» **Exercise requirements**: Your task is to copy the listing exactly. Drop any pictures from the copy.

» **Dataset extract**:
════════
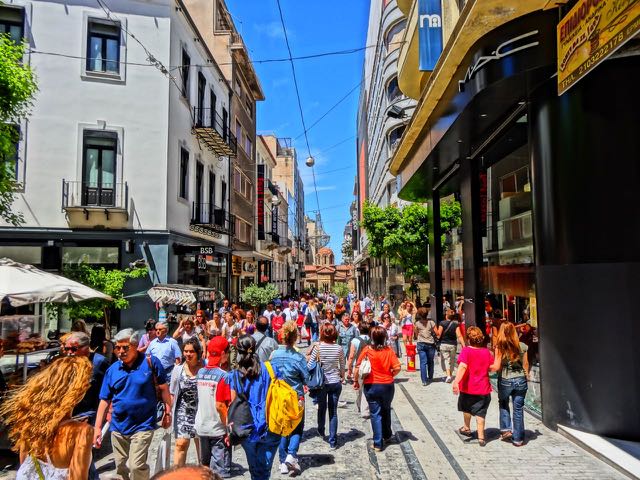 Shopping on Ermou Street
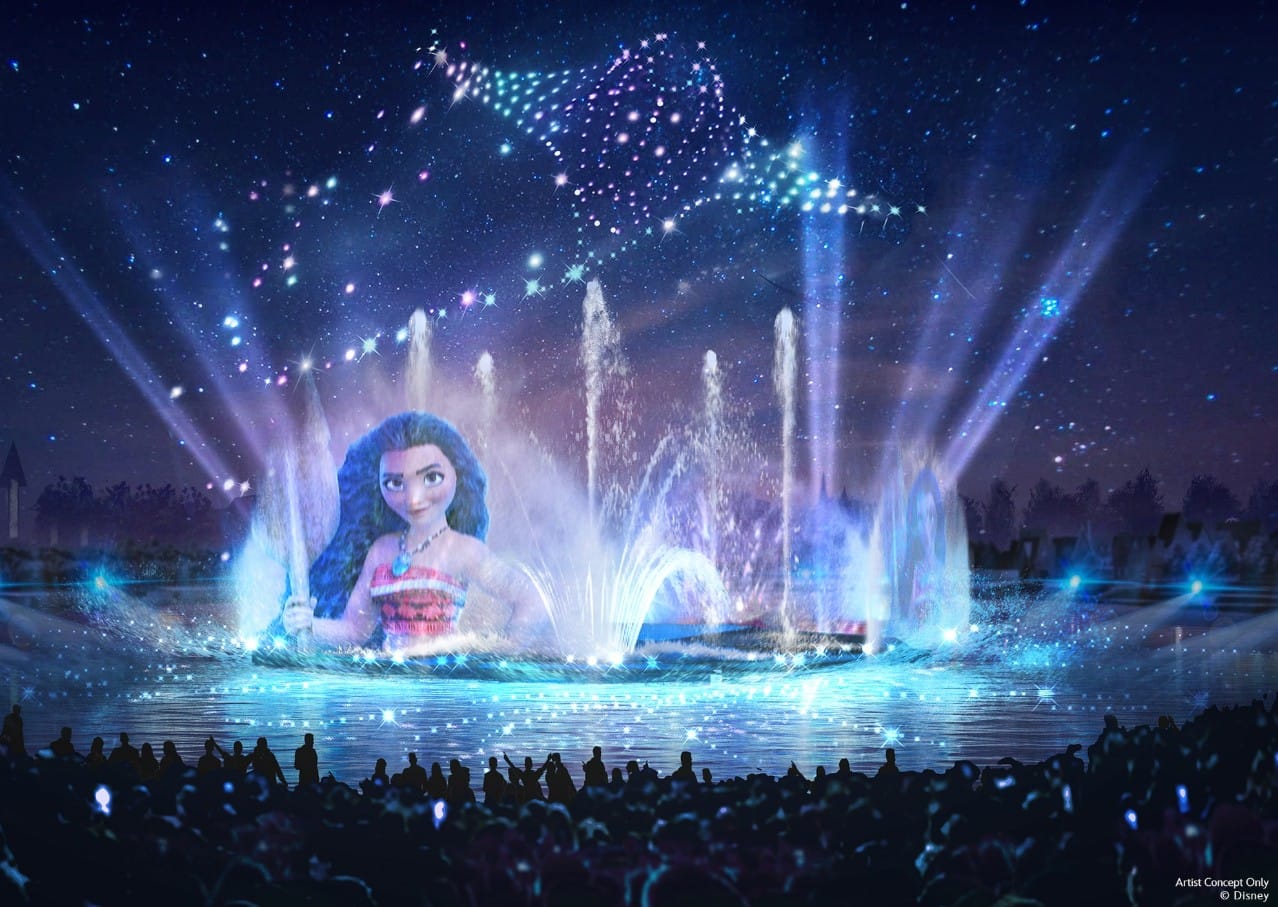 Artist impression of the night time spectacular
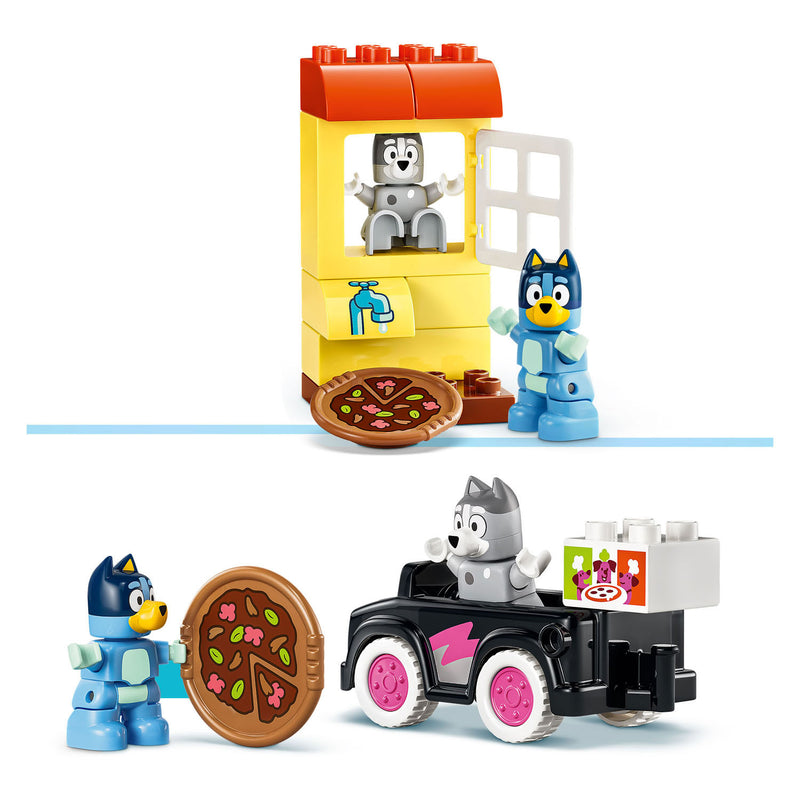 Chargez l'image dans la visionneuse de la galerie, Lego 10469 duplo bluey pizzameisjes met muffin en bluey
════════
» **Result of the task**:
 Shopping on Ermou Street
 Artist impression of the night time spectacular
 Chargez l'image dans la visionneuse de la galerie, Lego 10469 duplo bluey pizzameisjes met muffin en bluey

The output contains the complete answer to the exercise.